There are two types of runners: self-hosted and GitHub-hosted. GitHub has standardized runners for you, but you can also create larger runners with more resources.

Ephemeral

GitHub runners are ephemeral meaning they are created on the fly and destroyed when the job is complete. This is the default behavior for GitHub-hosted runners.

Auto-scaling and Scale Limits

If you hit scaling limits you can ask your AM or support to increase your concurrency limit.

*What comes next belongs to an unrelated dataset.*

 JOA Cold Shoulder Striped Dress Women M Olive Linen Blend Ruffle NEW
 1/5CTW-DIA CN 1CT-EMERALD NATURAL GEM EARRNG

ARC: Actions Runtime Configuration

You can automatically scale your self-hosted runners in response to webhook events.

Runner Groups

Runner groups simply allow you to manage which runners are available to which repositories. This is useful if you have a runner that is only available to a specific team.

GHR Networking

By default, GitHub-hosted runners have access to the public internet. However, you may also want these runners to access resources on your private network, such as a package registry, a secret manager, or other on-premise services.

API Gateways

You could run an API gateway on the edge of your private network that authenticates incoming requests with the OIDC token and then makes API requests on behalf of your workflow in your private network.

Wireguard

Static IPs

You have the option to create static IP addresses for your GitHub-hosted runners. This is useful if you need to whitelist the IP address of your runner in a firewall rule, for example.

VNET Injection (Azure Private Networking)

You can use VNET injection to connect your GitHub-hosted runners to your Azure virtual network.

Runner Labels

You label your runners to make it easier to target them in your workflows.